Materials for bulk acoustic wave (BAW) resonators and filters

Abstract

Abstract Thin film bulk acoustic wave (BAW) resonators and filters are appropriate for mobile communication systems operating at high frequencies between 1–10 GHz. The resonance frequency is mainly determined by the thickness of the piezoelectric layer. Piezoelectric films used for this application are, therefore, several 100 nm in thickness (up to approx. 2 μm) depending on frequency. Piezoelectric thin film materials used for bulk acoustic wave devices include AlN, ZnO thin films for small bandwidth applications and also PZT films for wide bandwidth applications. Within Philips piezoelectric AlN and PbZr x Ti 1− x O 3 (PZT) layers are investigated with respect to their potential for RF micro-electronic applications. High quality AlN films with strong c -axis orientation are achieved by optimum sputter deposition conditions and by applying suited nucleation layers. Electromechanical coupling factors k of 0.25±0.03, which are close to the bulk data, have been found in highly c-axis oriented AlN thin films.

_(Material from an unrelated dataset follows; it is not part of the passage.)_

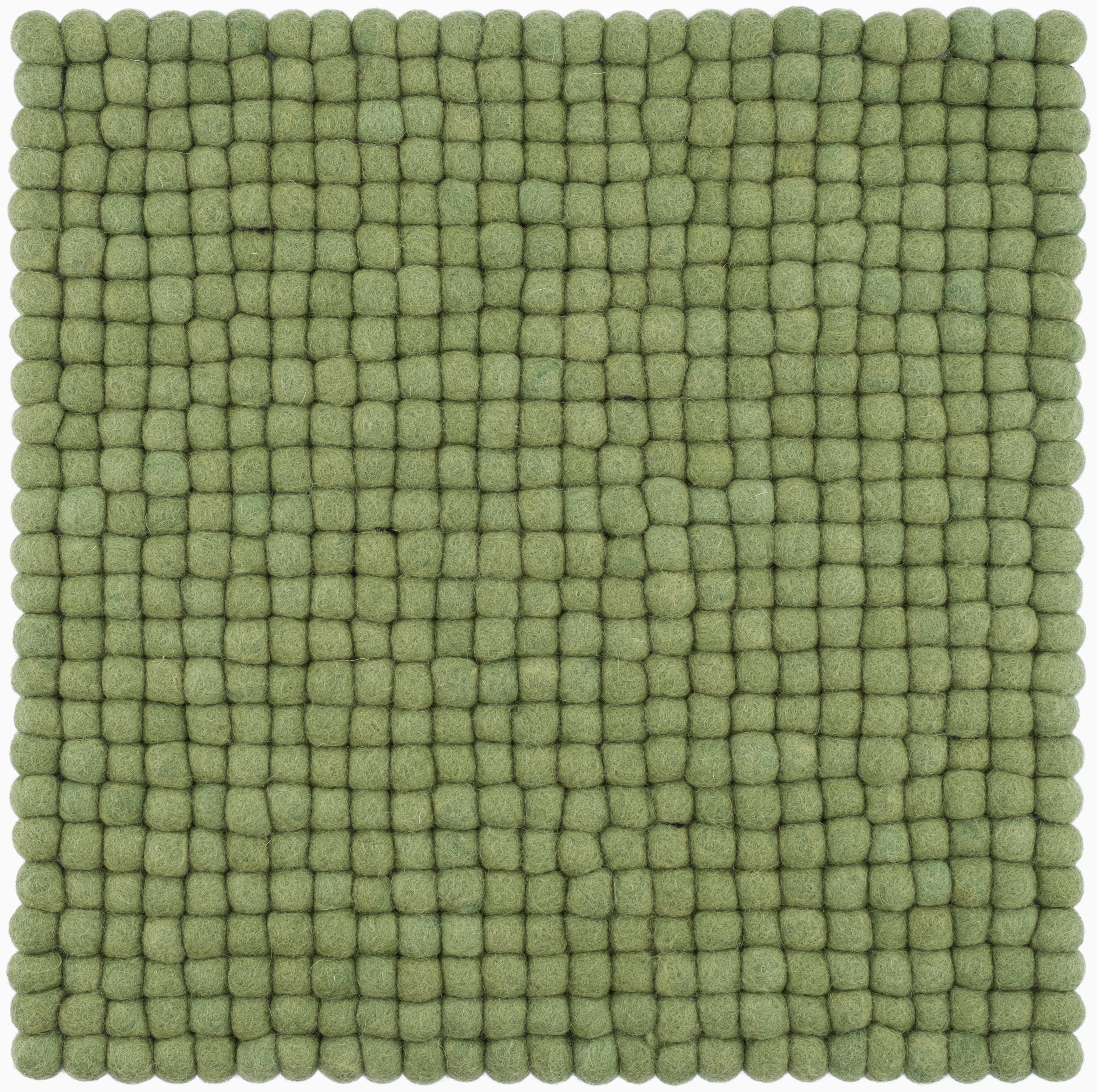 myfelt Stuhlkissen Filzkugel x Kaspar 36 Sitzauflage cm, reiner 100% eckig - 36 schmutzabweisend Schurwolle, quadratisch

The relationship between sputter deposition conditions, AlN films structure on the one hand and electromechanical coupling factor k and relevant electrical parameters on the other hand will be discussed. A one-dimensional physical model is used to describe the bulk acoustic wave resonator's electrical impedance data accurately. Thin PZT films are grown via sol–gel processing. These films show high electromechanical coupling factor k of 0.3–0.6 and are therefore attractive for wide bandwidth filter applications.